Jason Boggs [co-owner of the Shady Lady Saloon] was one of the first people I met when I moved back. We sat down at The Golden Bear and had this two-hour session about changing the world, and how we were going to take Sacramento by storm. And then, he had the opportunity to work with Garrett [Van Vleck] and Alex [Origoni] as partners, and they brought me on. They were still working at other establishments [at the time], so I’d walk in with a magazine, and they’d come over to serve me water, and I’d open up [the magazine] and there’d be floor plans, and we’d circle something or cross it out. We kinda did that for a while until it was established enough for us to hit the ground running and get it open.
What’s your aesthetic?
We really listen to the vision of the owners and kind of the vision of the building, if it’s pre-existing or new construction. And we make sure that the process is very well-executed but doesn’t lose that sense of being organic. If you can’t roll with the punches along the way, then you lose a lot of the great ideas. We don’t take ourselves too seriously. It’s important to ask that each place we open has soul.
So, Chez Whitney. How hard is it to work on your own living space?
Everything I own is in a 10-foot-by-11-foot storage unit (laughs). It’s not that I don’t want to [spend time on my own surroundings], it’s just hard. You have this Rolodex of stuff you love going through your head on a daily basis, and to pick that out for myself and to have to wake up next to it for the next six months is a little bit daunting.

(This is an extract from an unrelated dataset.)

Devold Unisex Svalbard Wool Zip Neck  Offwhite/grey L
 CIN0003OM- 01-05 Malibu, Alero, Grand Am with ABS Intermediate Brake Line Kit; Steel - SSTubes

And I like to move a lot. I like exploring new parts of town and different types of apartments. I have a suitcase collection that is 22 pieces. What in the world are you supposed to do with that? (Laughs.)
I enjoy doing it so much for other people that it satisfies that need, and so when I get home, all I really want is a glass of white wine and my dog and my good friends there.
When you go out, is it hard not to pick apart every aspect of the design? Like, when you walk into an Applebee’s, does it make you nauseous? I’m not necessarily accusing you of going to Applebee’s.
You know what’s funny? Applebee’s has one of the best white-chocolate brownie desserts, so you know, how can you be mad at them?
When it comes to going out, there are two mind-sets: There’s exploring bars and restaurants for the sake of design, and exploring for food and libations. And, occasionally, I’ll be out, and somebody will say, “OK, what color should that be?” And then I go off. … I like to enjoy whatever I’m a part of. I can’t be cynical and sit in every restaurant and say, “What’s that?” Because then I miss out on how good the mashed potatoes are!